THE TASK: Word for word, reproduce the listing that follows, excluding any pictures it contains.

DATASET EXCERPT:
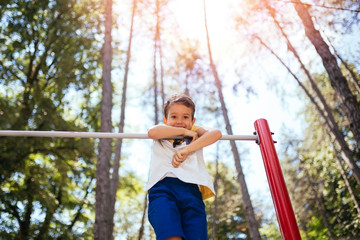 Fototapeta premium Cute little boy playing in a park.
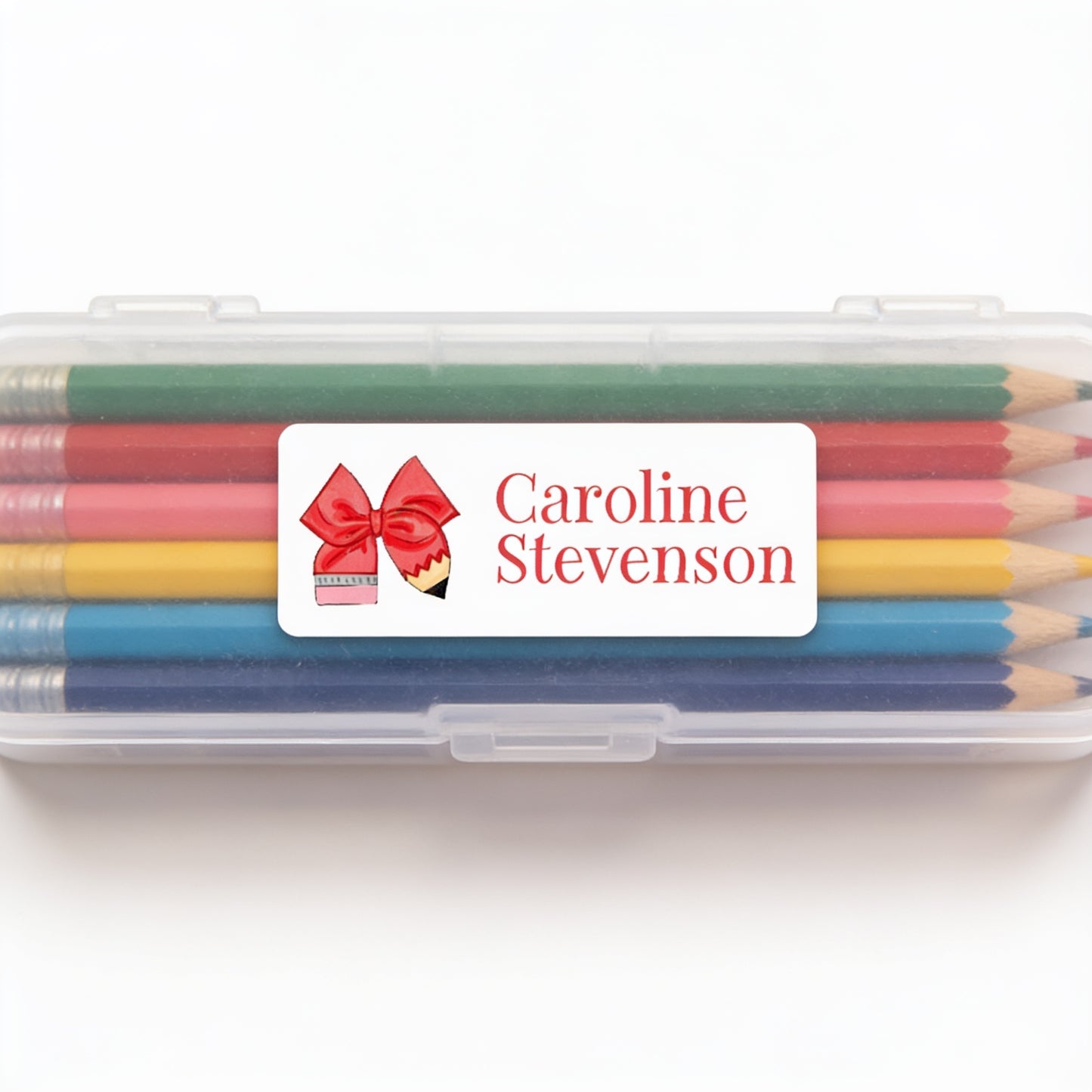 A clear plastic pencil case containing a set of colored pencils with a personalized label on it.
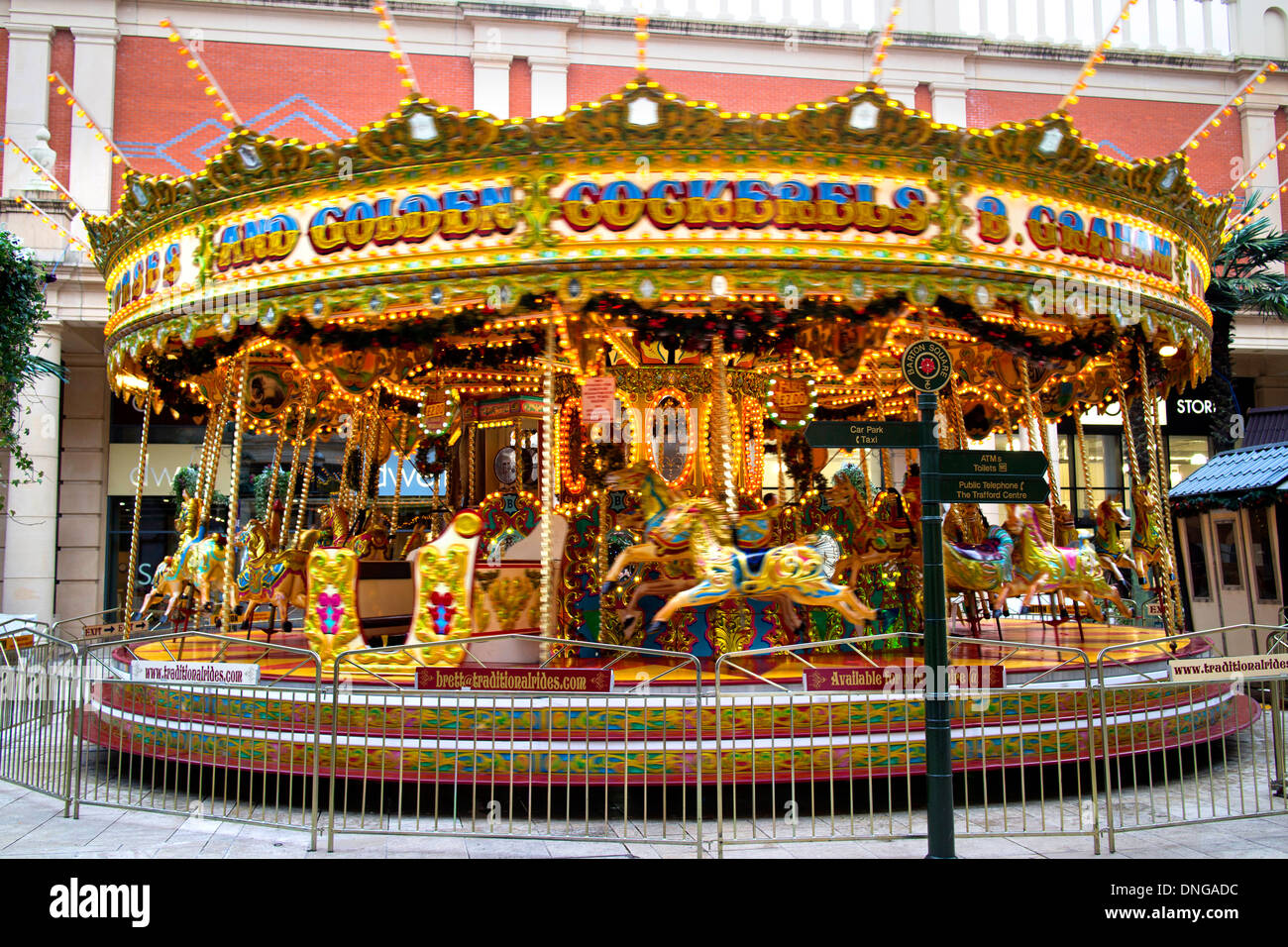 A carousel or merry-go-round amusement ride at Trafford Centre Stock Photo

YOUR RESPONSE:
 Fototapeta premium Cute little boy playing in a park.
 A clear plastic pencil case containing a set of colored pencils with a personalized label on it.
 A carousel or merry-go-round amusement ride at Trafford Centre Stock Photo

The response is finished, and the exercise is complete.